Published online May 30, 2007. doi:  10.1093/nar/gkm360
PMCID: PMC1933234

CRISPRFinder: a web tool to identify clustered regularly interspaced short palindromic repeats

Abstract

Clustered regularly interspaced short palindromic repeats (CRISPRs) constitute a particular family of tandem repeats found in a wide range of prokaryotic genomes (half of eubacteria and almost all archaea). They consist of a succession of highly conserved regions (DR) varying in size from 23 to 47 bp, separated by similarly sized unique sequences (spacer) of usually viral origin. A CRISPR cluster is flanked on one side by an AT-rich sequence called the leader and assumed to be a transcriptional promoter. Recent studies suggest that this structure represents a putative RNA-interference-based immune system. Here we describe CRISPRFinder, a web service offering tools to (i) detect CRISPRs including the shortest ones (one or two motifs); (ii) define DRs and extract spacers; (iii) get the flanking sequences to determine the leader; (iv) blast spacers against Genbank database and (v) check if the DR is found elsewhere in prokaryotic sequenced genomes.
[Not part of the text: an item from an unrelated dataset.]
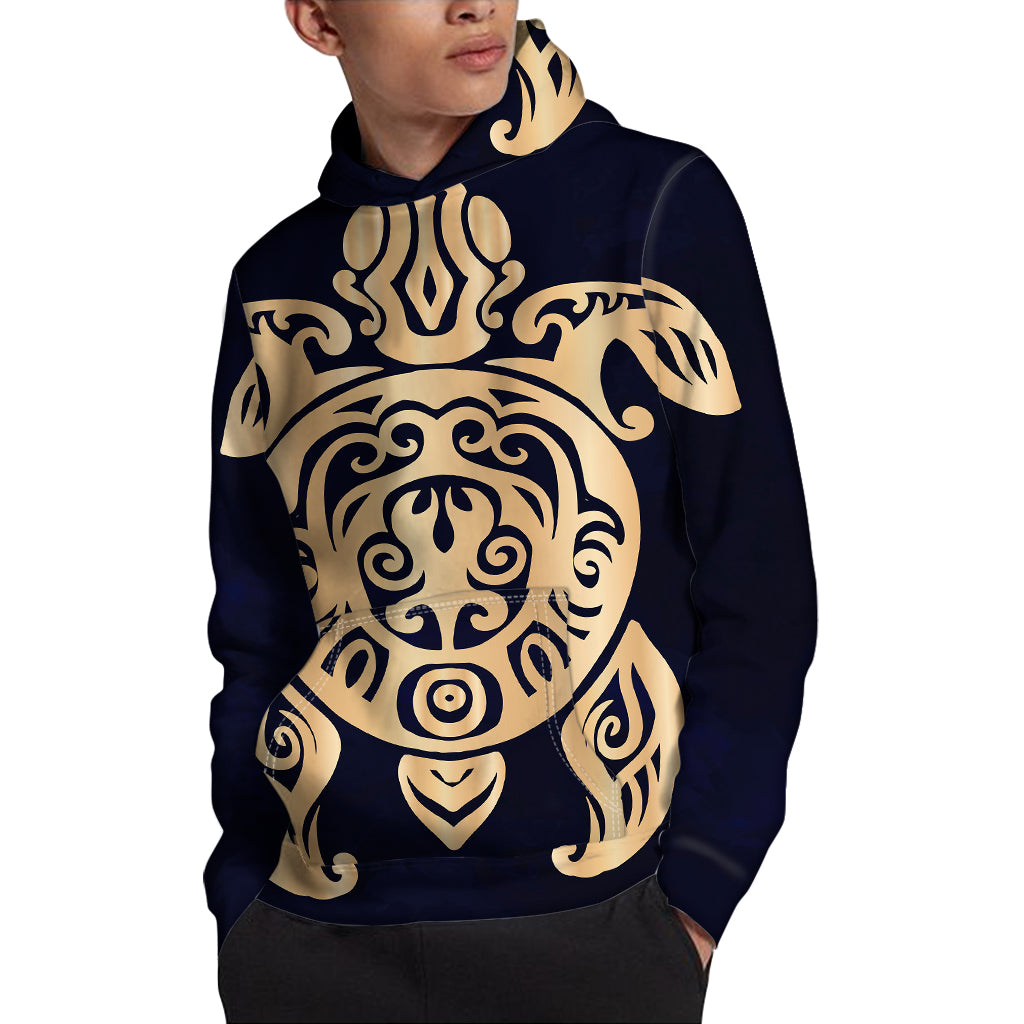 Golden Tribal Sea Turtle Print Pullover Hoodie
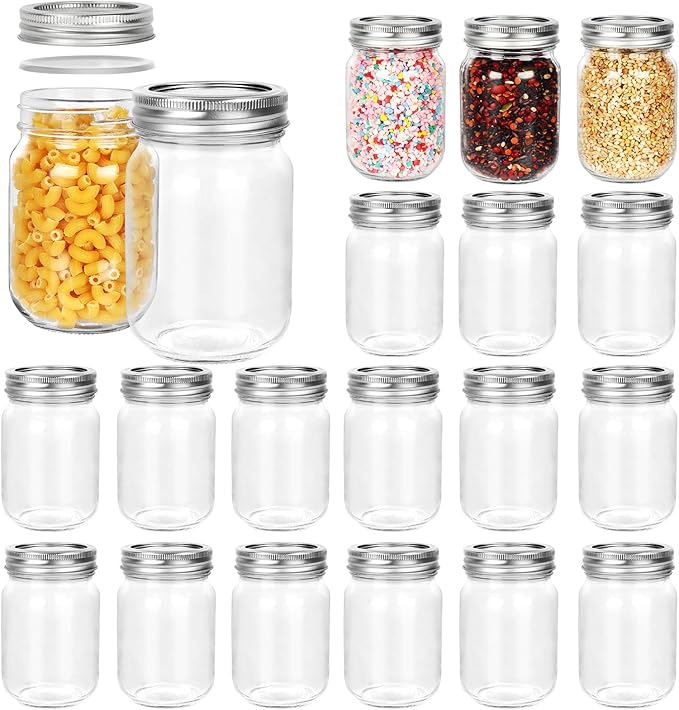 12 oz Glass Mason Jar, 20 Pack 360ml Canning Jars by Betrome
CRISPRFinder is freely accessible at http://crispr.u-psud.fr/Server/CRISPRfinder.php.

INTRODUCTION

Genomic structures corresponding to CRISPRs were observed first in 1987 in Escherichia coli (1) and were subsequently reported in other organisms under different names [TREP (2), SRSR (3,4), DRVs (5), LCTR (6), SPIDR (7)] until the CRISPR acronym was proposed by Jansen et al. (8). The direct repeat sequences carry in general a low level of palindromic symmetry; they are remarkably well conserved within a species (up to 248 exact copies in Verminephrobacter eiseniae EF01-2). However, one of the flanking DRs is frequently truncated or diverged (see Supplementary Data). The DR size varies from 24 to 47 bp whereas the spacer sequence is generally within the range of 0.6–2.5× the DR size. The originality of spacers is that they apparently derive from conjugative plasmids or bacteriophages (2,9–11). A prokaryotic genome may harbour up to 16 CRISPR clusters with the same or a different DR. In a genome, a single CRISPR is generally associated with a family of genes called cas for CRISPR-associated (8,12), encoding proteins showing functional similarity with components of the eukaryotic RNA interference (RNAi) systems (13). In addition, it was demonstrated in two archaea, Archaeoglobus fulgidus (14) and Sulfolobus solfataricus (15), that the CRISPR locus is transcribed into small RNAs (smRNA) probably from one of the flanking regions, the leader, acting as a promoter. These observations and the viral origin of spacers have led to the hypothesis that the CRISPR-associated system (CASS) is a prokaryotic defence mechanism against genetic aggressions (10,13,16). Within species, CRISPRs may be present in a subset of strains, where they sometimes show polymorphism. The DR and the order of the spacers are well conserved, but the number of motifs (DR + spacer) differs from strain to strain. To better understand the mechanisms underlying the CRISPRs’ evolutionary scenario, three evolution rules were proposed by Pourcel et al. (10) and confirmed by Lillestol et al. (15): (i) polarized acquisition of spacers near the leader sequence; (ii) random loss of motifs and (iii) shared ancestry when spacers are identical.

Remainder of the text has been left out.